From the beginning, the long-term impact of the trial would depend on the followup.  Immediately after the verdict was issued, President Pérez Molina, a former military commander, set aside his vehement denials that genocide occurred and said he respected the court’s verdict.  But he conditioned issuance of an official government apology, as ordered by the court, on the exhaustion of all defense appeals – which could take years – and was noncommittal in responding to the court’s call for more investigations of people involved in the atrocities.  While he personally has immunity from prosecution, allegations of his own activities during the Ríos Montt period would obviously be problematic for him.  The powerful business organization CACIF, long aligned with the military, rejected the verdict and began mobilizing resistance to further investigations.  Even moderate politicians, such as former Vice President Eduardo Stein, criticized the genocide ruling and calls for more investigations, apparently fearing that more ethnic groups will stake claims.  Like other dictators facing justice, Ríos Montt has already suffered a supposed health problem requiring that he be moved out of prison and into a military hospital – leaving observers wondering how much of his 80-year sentence he would serve.

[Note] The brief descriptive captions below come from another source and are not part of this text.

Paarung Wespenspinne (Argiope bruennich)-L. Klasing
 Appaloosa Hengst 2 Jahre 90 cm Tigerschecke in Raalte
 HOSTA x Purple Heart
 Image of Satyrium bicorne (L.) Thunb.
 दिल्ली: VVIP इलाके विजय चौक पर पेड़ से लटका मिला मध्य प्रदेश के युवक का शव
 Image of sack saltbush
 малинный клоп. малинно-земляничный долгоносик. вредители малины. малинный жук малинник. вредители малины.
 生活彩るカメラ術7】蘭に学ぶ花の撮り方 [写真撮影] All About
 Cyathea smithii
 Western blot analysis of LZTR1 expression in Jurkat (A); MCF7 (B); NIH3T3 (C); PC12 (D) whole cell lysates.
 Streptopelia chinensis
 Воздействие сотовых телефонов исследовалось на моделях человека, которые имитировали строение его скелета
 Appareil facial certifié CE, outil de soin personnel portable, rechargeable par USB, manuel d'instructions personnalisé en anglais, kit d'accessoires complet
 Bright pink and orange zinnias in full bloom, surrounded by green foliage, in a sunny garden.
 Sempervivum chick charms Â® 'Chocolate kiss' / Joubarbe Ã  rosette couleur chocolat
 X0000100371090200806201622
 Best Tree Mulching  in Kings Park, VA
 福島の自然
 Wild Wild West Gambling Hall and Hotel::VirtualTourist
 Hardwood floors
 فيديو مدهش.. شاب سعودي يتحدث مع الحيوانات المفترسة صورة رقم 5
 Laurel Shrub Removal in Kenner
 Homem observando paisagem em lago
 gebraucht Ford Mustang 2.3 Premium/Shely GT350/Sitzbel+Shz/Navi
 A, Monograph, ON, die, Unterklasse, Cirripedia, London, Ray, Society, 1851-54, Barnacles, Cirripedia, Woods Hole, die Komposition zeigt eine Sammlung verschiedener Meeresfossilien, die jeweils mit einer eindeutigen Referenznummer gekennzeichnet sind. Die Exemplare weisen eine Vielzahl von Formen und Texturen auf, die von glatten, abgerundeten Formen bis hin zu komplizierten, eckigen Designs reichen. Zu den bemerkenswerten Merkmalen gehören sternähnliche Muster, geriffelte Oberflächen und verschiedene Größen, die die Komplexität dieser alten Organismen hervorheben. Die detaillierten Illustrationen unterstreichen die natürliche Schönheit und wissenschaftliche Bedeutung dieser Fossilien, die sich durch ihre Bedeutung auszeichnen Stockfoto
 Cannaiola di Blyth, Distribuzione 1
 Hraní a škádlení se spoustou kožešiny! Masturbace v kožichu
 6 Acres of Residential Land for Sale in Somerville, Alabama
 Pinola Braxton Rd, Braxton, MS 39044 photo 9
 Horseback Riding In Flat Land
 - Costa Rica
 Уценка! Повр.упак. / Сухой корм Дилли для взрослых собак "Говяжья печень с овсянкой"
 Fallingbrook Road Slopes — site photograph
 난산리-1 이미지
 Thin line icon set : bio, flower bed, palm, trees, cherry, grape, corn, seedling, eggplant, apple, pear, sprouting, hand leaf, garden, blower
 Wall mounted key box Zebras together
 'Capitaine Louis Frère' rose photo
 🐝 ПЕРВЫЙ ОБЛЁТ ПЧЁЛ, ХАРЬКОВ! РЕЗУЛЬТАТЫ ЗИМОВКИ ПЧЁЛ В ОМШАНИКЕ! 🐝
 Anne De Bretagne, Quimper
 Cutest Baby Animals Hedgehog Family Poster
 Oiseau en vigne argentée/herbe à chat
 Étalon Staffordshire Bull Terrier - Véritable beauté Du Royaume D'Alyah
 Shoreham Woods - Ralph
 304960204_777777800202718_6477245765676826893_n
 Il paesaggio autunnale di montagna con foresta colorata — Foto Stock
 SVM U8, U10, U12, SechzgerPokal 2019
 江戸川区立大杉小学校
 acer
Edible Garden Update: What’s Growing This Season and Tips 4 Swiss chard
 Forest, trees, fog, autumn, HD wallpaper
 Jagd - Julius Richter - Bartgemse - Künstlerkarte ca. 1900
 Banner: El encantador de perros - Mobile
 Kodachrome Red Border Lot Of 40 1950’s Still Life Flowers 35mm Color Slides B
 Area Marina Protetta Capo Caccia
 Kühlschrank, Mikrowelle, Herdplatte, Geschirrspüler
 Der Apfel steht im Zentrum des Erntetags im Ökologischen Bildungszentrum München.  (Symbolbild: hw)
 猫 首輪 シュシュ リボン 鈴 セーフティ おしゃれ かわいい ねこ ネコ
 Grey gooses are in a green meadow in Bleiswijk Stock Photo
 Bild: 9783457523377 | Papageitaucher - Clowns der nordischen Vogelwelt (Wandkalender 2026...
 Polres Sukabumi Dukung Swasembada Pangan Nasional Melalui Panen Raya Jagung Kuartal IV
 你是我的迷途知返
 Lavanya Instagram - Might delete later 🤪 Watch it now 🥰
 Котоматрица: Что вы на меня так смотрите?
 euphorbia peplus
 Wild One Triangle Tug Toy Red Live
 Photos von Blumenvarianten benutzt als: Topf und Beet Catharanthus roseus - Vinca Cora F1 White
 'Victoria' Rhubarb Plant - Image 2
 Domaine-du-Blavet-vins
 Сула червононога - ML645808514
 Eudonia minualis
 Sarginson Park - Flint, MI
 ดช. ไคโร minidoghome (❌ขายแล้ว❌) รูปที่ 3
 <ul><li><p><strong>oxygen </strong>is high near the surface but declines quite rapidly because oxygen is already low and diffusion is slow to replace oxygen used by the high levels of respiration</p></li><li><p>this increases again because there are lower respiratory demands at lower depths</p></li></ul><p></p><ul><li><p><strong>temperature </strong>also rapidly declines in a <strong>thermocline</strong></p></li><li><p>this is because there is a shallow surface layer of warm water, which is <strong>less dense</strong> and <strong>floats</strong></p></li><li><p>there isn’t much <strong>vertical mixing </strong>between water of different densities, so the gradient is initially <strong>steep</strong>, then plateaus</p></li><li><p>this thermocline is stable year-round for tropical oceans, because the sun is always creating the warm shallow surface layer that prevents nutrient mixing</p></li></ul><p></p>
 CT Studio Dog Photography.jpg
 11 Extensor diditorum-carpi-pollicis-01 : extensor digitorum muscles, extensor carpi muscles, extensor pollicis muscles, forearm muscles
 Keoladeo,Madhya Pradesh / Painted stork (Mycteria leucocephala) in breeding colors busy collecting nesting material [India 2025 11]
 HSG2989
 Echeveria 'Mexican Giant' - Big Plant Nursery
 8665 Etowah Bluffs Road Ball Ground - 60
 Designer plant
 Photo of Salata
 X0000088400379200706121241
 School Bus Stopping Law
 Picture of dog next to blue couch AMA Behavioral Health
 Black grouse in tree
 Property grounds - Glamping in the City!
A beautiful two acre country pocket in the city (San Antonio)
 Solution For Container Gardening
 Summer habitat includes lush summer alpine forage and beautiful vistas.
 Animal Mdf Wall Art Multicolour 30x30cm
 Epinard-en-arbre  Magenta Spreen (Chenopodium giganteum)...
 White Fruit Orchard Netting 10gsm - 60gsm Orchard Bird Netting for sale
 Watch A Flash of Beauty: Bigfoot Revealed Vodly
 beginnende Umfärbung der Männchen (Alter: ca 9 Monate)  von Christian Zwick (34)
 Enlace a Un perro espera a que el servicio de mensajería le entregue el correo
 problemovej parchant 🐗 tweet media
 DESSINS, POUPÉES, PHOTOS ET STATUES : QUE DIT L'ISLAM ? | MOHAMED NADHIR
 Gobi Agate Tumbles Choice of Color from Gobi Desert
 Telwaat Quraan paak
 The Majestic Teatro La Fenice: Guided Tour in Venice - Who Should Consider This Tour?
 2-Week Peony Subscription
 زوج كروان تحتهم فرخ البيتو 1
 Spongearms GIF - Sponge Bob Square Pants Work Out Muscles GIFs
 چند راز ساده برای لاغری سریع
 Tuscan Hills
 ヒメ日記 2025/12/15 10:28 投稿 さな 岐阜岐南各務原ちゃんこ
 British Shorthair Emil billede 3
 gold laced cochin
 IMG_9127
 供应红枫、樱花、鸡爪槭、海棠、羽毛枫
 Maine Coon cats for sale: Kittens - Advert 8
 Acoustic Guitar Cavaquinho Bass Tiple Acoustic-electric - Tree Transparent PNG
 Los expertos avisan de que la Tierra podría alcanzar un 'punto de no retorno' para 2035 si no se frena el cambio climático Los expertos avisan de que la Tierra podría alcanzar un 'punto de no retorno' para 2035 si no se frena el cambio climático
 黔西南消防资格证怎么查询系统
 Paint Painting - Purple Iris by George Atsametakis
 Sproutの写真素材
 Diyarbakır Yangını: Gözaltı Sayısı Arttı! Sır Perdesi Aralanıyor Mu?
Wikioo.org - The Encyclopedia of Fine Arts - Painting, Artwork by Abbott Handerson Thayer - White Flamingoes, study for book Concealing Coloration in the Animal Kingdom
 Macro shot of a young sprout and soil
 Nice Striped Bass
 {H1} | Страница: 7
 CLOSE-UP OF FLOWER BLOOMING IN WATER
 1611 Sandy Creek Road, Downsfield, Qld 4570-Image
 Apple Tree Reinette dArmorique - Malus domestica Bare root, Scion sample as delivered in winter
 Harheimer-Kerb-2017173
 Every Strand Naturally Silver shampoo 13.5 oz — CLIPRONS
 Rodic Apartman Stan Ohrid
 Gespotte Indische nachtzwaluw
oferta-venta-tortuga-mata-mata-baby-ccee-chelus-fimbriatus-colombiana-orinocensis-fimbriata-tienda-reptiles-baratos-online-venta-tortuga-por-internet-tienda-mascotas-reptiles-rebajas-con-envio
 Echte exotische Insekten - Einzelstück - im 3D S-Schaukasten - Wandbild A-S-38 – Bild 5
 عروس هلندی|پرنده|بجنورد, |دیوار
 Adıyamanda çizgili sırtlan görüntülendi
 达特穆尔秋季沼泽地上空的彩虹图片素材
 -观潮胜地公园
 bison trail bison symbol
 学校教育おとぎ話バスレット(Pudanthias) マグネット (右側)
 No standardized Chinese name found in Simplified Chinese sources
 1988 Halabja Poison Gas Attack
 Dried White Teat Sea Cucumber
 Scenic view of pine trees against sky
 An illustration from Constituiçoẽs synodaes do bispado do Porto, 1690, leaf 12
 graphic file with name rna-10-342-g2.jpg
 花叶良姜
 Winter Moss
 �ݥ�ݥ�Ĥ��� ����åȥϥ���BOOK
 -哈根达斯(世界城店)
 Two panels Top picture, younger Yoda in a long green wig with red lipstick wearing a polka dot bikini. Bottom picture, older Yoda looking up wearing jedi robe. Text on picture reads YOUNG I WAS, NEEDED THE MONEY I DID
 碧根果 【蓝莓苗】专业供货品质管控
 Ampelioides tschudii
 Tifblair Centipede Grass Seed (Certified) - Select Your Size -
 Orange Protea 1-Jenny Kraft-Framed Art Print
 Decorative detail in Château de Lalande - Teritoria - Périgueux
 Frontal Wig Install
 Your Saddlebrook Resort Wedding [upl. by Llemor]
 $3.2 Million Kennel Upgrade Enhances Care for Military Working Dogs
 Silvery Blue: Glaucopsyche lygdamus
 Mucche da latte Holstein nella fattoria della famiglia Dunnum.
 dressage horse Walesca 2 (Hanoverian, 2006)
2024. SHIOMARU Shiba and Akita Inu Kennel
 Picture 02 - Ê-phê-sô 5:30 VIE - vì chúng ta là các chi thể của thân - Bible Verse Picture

The U.S. Government supported the trial process and proclaimed it a victory for Guatemalan judicial institutions.  But it appeared cautious on next steps even before the upper court overturned the verdict (on which U.S. comment is lacking).  Ambassador at Large for War Crimes Issues Stephen J. Rapp who visited Guatemala last month and gave the trial a push, and U.S. Ambassador to Guatemala, Arnold Chacon, attended some proceedings.  The U.S. Embassy pledged its continued support to “credible, independent, transparent, and impartial judicial processes,” but its statement also suggested a lack of enthusiasm for more.  “In these moments it is significant to remember that Guatemala, as a country, was not on trial, but rather two individuals, one of whom was absolved and the other convicted,” it said.  It added that “now is the opportunity to advance to real reconciliation” – a prospect that appeared premature even before the upper court action.  Neither the prosecution nor defense spoke much during the trial of Washington’s direct or indirect role in the 1980s violence – a situation that U.S. policymakers may prefer to continue.  If so, it’s a far cry from the position taken by President Bill Clinton, who during a visit to Guatemala in 1999 apologized for American support for security forces that committed “violent and widespread repression.